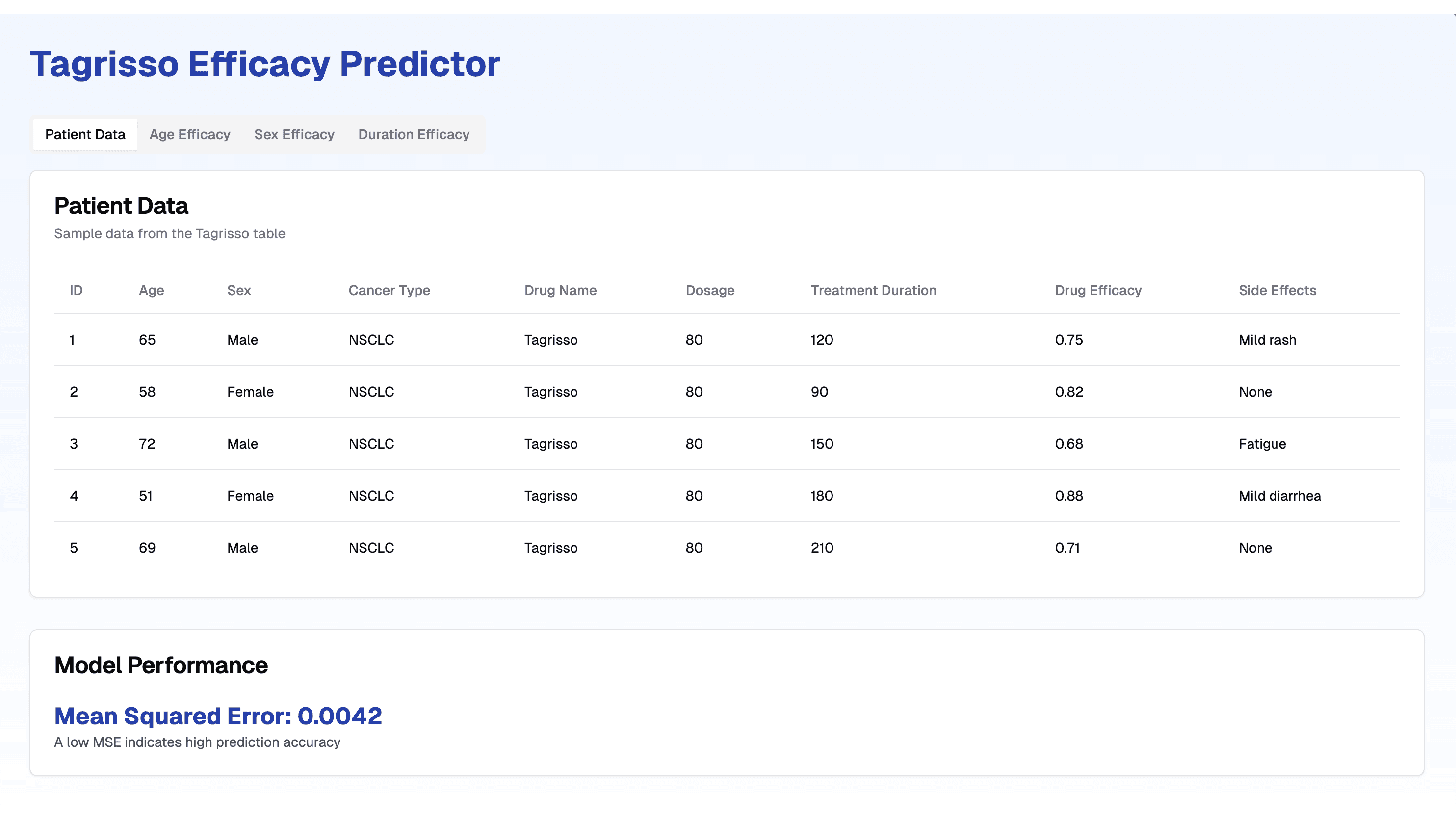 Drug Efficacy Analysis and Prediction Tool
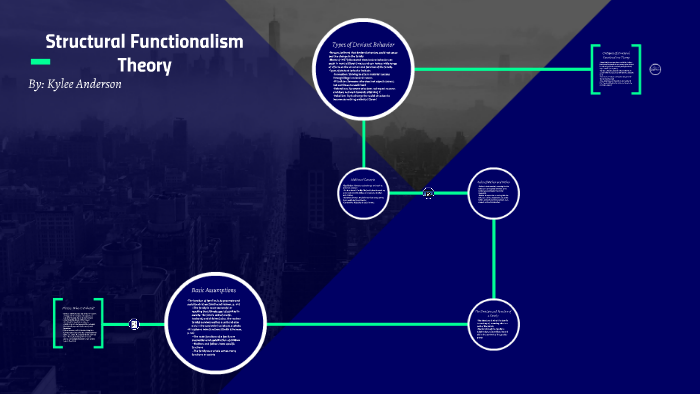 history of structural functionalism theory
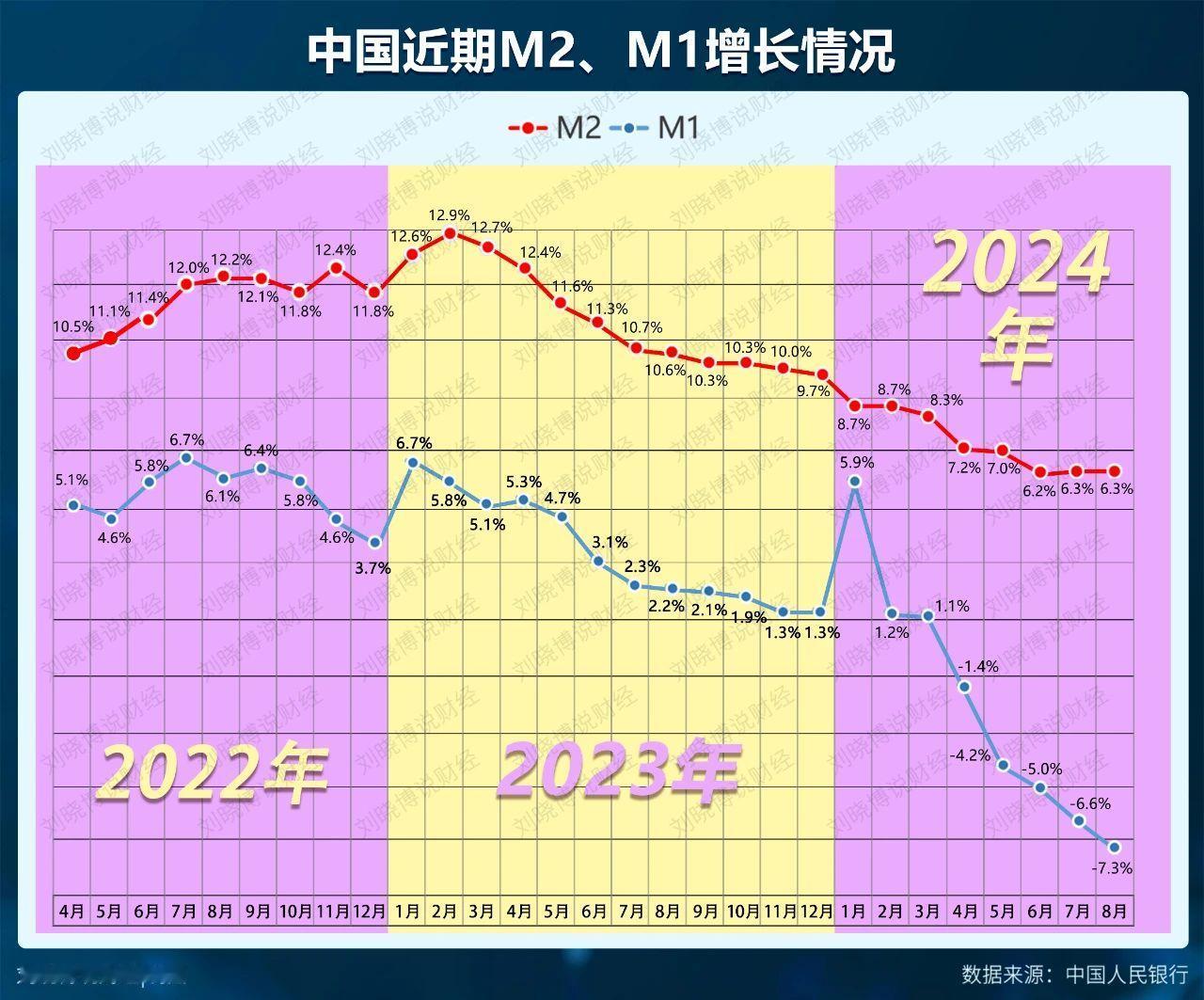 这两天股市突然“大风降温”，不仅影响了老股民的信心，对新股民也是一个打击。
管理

■ ■ ■ ■

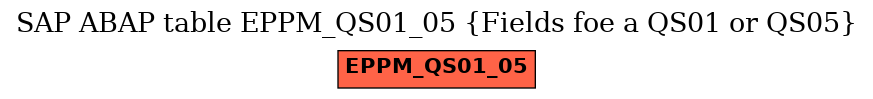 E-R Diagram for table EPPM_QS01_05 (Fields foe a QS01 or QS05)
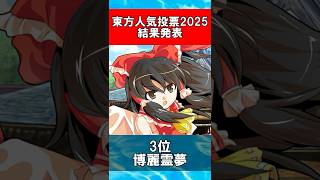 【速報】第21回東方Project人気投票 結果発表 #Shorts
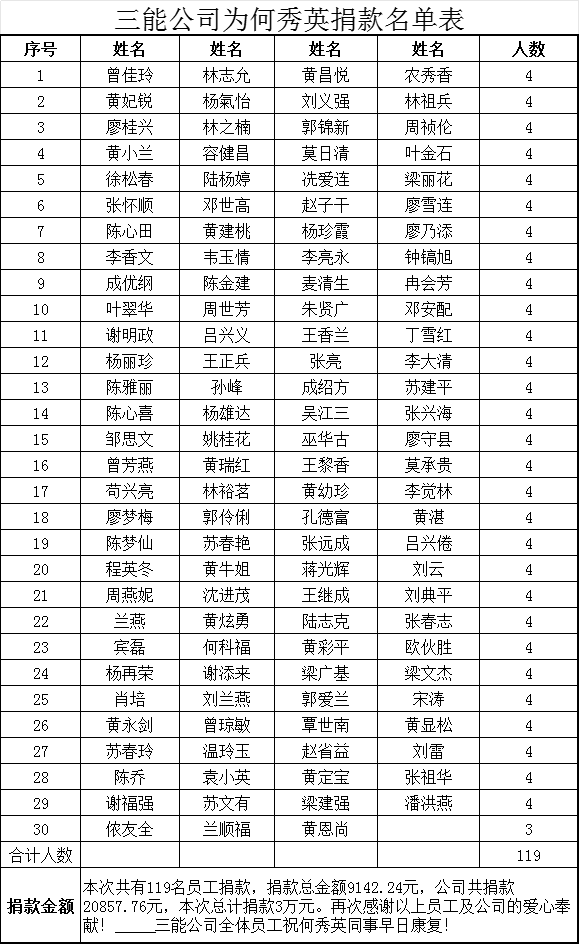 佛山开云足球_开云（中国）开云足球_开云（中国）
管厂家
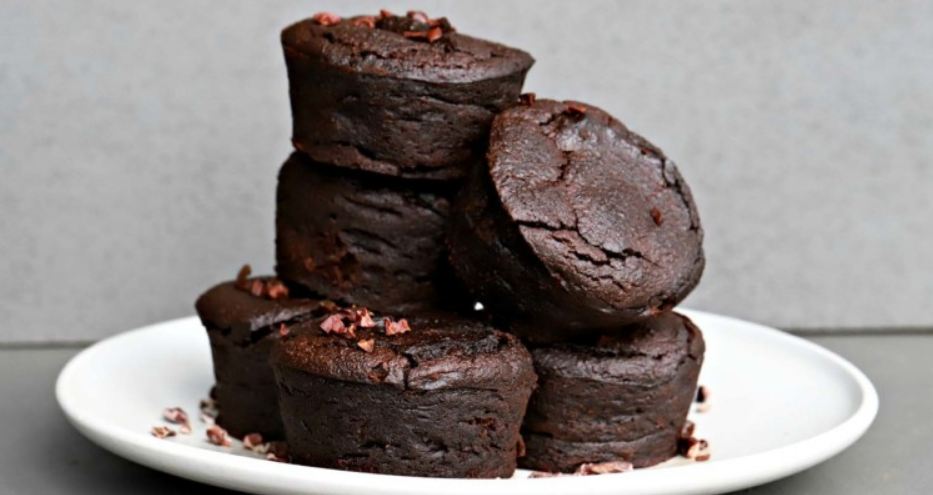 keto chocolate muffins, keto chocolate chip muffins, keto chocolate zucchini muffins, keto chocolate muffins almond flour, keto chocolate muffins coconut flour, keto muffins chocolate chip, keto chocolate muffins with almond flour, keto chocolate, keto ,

■ ■ ■ ■

● Work task: Print an exact copy of the lines above, from the one containing "E-R Diagram for" through the one containing "keto chocolate muffins, keto", and leave out the pictures.

● Answer section:
 E-R Diagram for table EPPM_QS01_05 (Fields foe a QS01 or QS05)
 【速報】第21回東方Project人気投票 結果発表 #Shorts
 佛山开云足球_开云（中国）开云足球_开云（中国）
管厂家
 keto chocolate muffins, keto chocolate chip muffins, keto chocolate zucchini muffins, keto chocolate muffins almond flour, keto chocolate muffins coconut flour, keto muffins chocolate chip, keto chocolate muffins with almond flour, keto chocolate, keto ,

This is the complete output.